Moxie uses a simple software interrupt instruction (swi) to implement
system calls. The swi instruction creates a call frame on the stack
and then jumps to a global exception handler routine. The exception
handler for moxie-uClinux switches to the kernel stack before jumping to
the relevant kernel routine. Returning from an exception becomes a
simple ret instruction because we have a nice call frame on our stack.
Very simple.
vfork(), a kludge that was ejected from posix, but is still required
for MMU-less uClinux ports, throws this for a loop. The vfork system
call creates a child process that shares memory with the parent,
including a shared stack. This means that the vfork system call
returns twice on the shared stack: once for the child, and then again
for the parent. The problem is that the child, once returned, is going
to write over the swi call frame on the shared stack as it continues
to do work. This sends the parent off into randomland when it eventually
returns using the corrupted call frame.
Actually, it's not just the swi call frame. There's also the vfork()

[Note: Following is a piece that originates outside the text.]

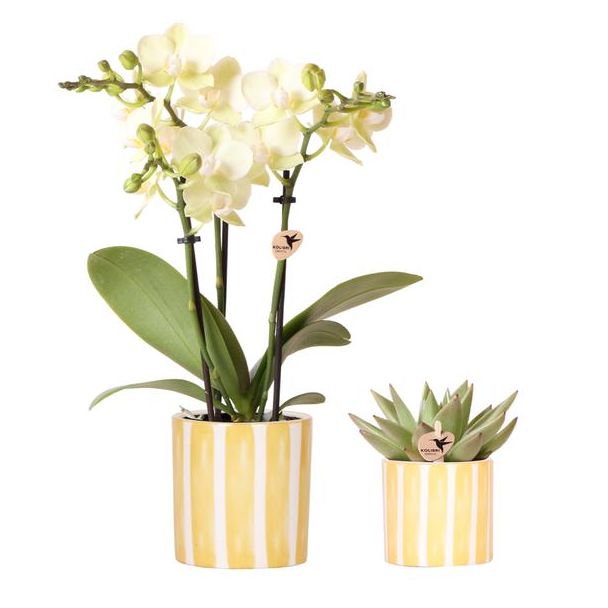 Kado Tip! Gif Set van gele orchidee Mexico  Ø9cm, Groene Succulent Ø6cm,Painted Stripe Sierpot,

stack frame from the C library to worry about.
This problem isn't unique to moxie. If you examine the x86 uClibc
vfork() implementation, you'll see that it stashes all the info it
needs for the return in registers that are preserved over the vfork
system call.
For moxie, I'll likely need to do the same thing in uClibc's vfork(),
but I'm also going to change the semantics of the swi instruction.

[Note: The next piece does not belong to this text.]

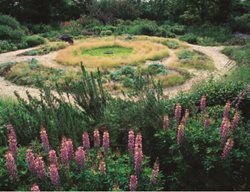 The Round Garden
Garden Design
Calimesa, CA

This means formalizing the notion of user mode and kernel mode. The
uClinux port already does this by convention. One of the special
registers is used to store the Linux kernel-mode stack pointer. The
swi instruction will be changed to immediately switch stacks and push
the userland return info onto the non-shared kernel stack, leaving the
shared user stack completely untouched. The exception handler will have
a bit more house keeping to do, but vfork() should work.